Terminal Set and Terminal Cost using Gekko Library

Question

I have a NMPC controller written in python using Gekko library for a nonlinear model of inverted pendulum mounted on the cart. I want to add terminal set and terminal cost using Gekko Library.

This is how I defined the objective function in code:

m.Obj(final*(x-xf)**2)
m.Obj(final*(xdot-xdotf)**2)
m.Obj(final*(q1-q1f)**2)
m.Obj(final*(q1dot-q1dotf)**2)
m.Obj(TF)

I don't know where and how to add terminal cost and terminal set?

Answer 1

There are the Inverted Pendulum Optimal Control and the Double Inverted Pendulum Optimal Control example problems for reference. The terminal cost can be set by adding an additional weight (w1-w4) to each term to prioritize which one is met. In the example cases, all final conditions are met so the terminal cost is zero when (w1=1, w2=1, w3=1, w4=1). The solution may change when using different terminal weights.

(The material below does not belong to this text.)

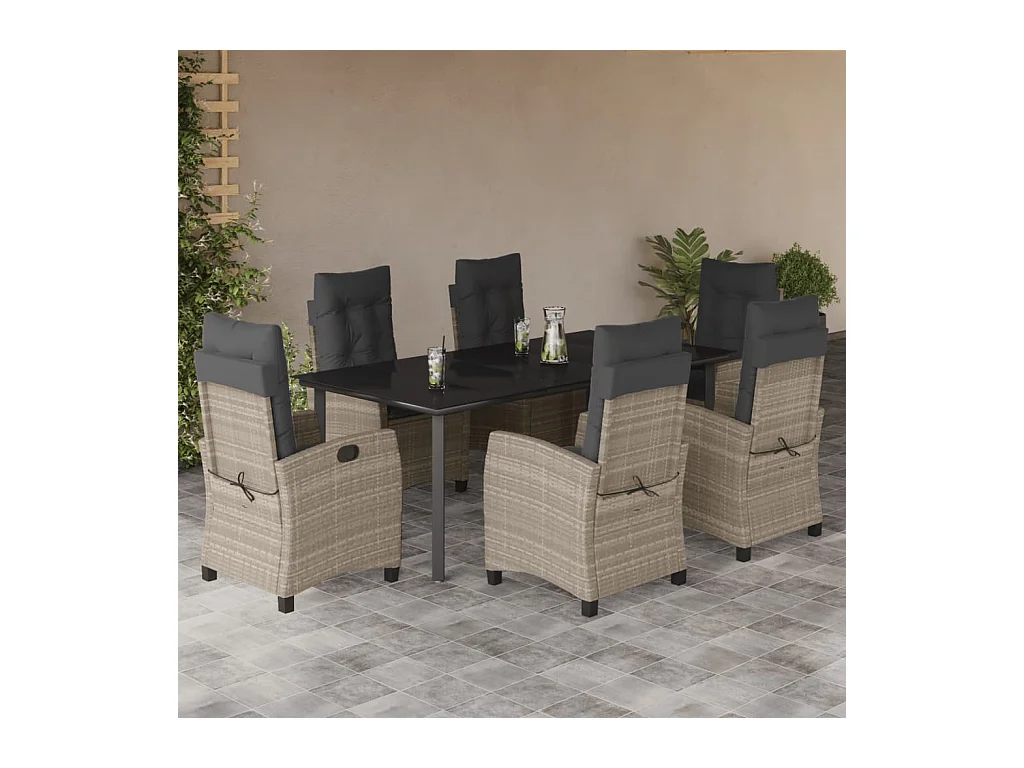 7-delige Tuinset met kussens poly rattan grijs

m.Minimize(final*w1*(x-xf)**2)
m.Minimize(final*w2*(xdot-xdotf)**2)
m.Minimize(final*w3*(q1-q1f)**2)
m.Minimize(final*w4*(q1dot-q1dotf)**2)

The terminal set is the set of final conditions that can be adjusted such as xf, xdotf, q1f, and q1dotf. Hard constraints can be used instead of the soft (objective-based) constraints above.

m.Equation(final*(x-xf)==0)
m.Equation(final*(xdot-xdotf)==0)
m.Equation(final*(q1-q1f)==0)
m.Equation(final*(q1dot-q1dotf)==0)

However, this may lead to an infeasible solution if all constraints can't be met.